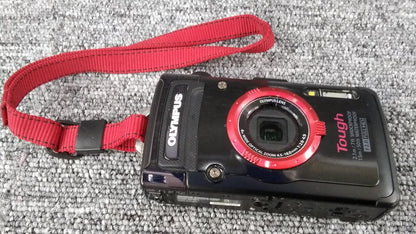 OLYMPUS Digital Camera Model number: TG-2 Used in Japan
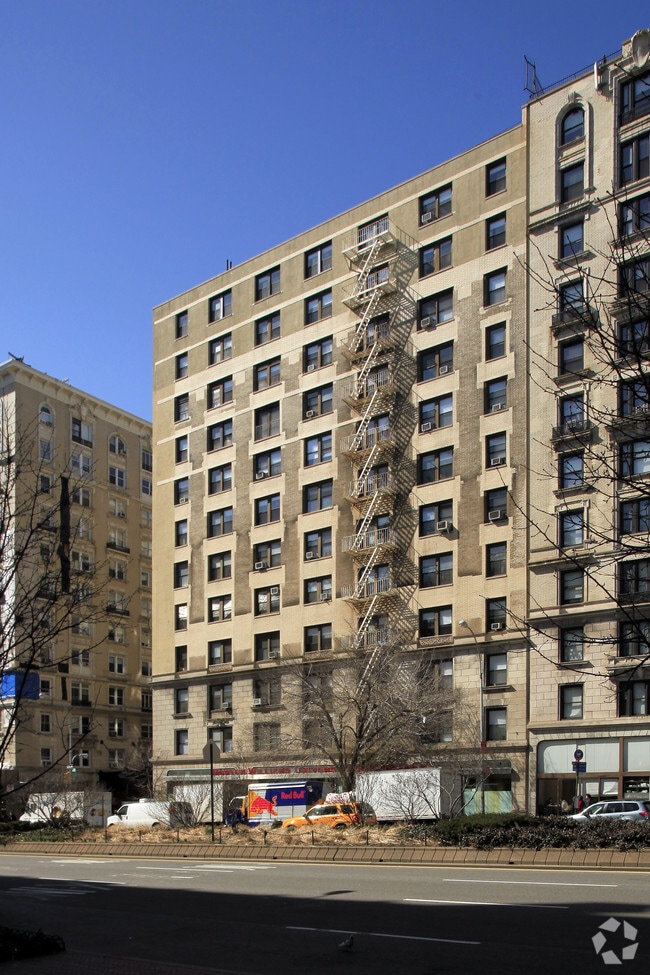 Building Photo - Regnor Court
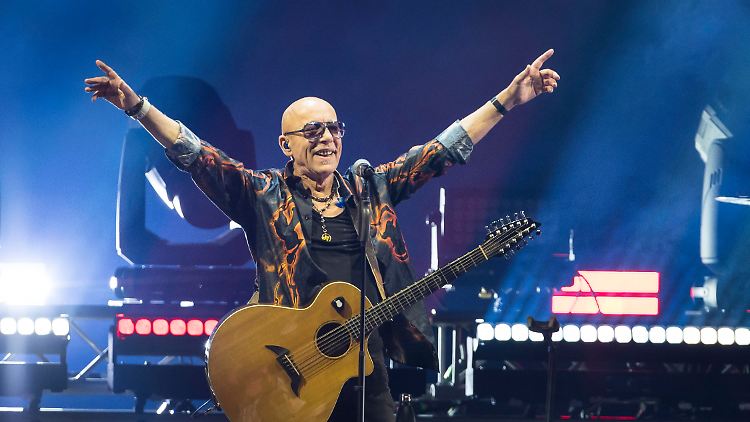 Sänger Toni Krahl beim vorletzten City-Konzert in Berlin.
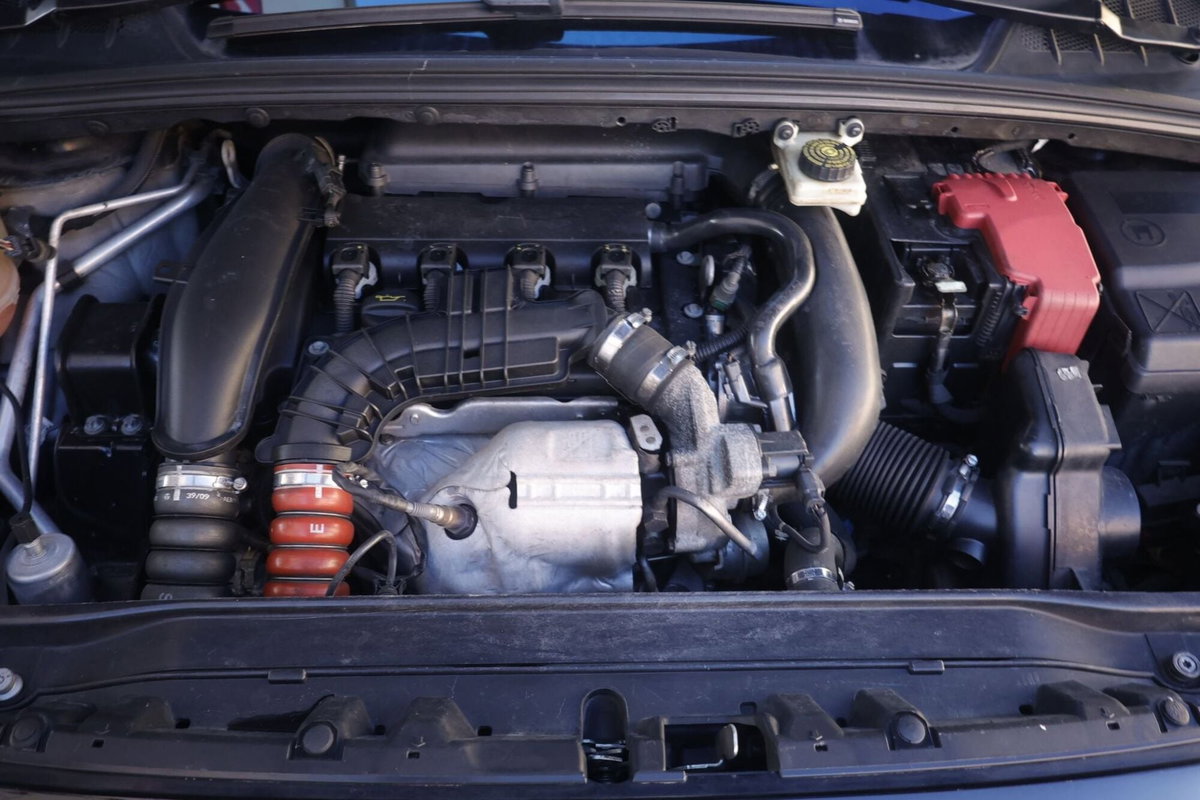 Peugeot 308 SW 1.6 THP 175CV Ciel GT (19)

▶ _Exercise requirements_
Write out the whole listing exactly, with no pictures.

▶ _Solved exercise_
 OLYMPUS Digital Camera Model number: TG-2 Used in Japan
 Building Photo - Regnor Court
 Sänger Toni Krahl beim vorletzten City-Konzert in Berlin.
 Peugeot 308 SW 1.6 THP 175CV Ciel GT (19)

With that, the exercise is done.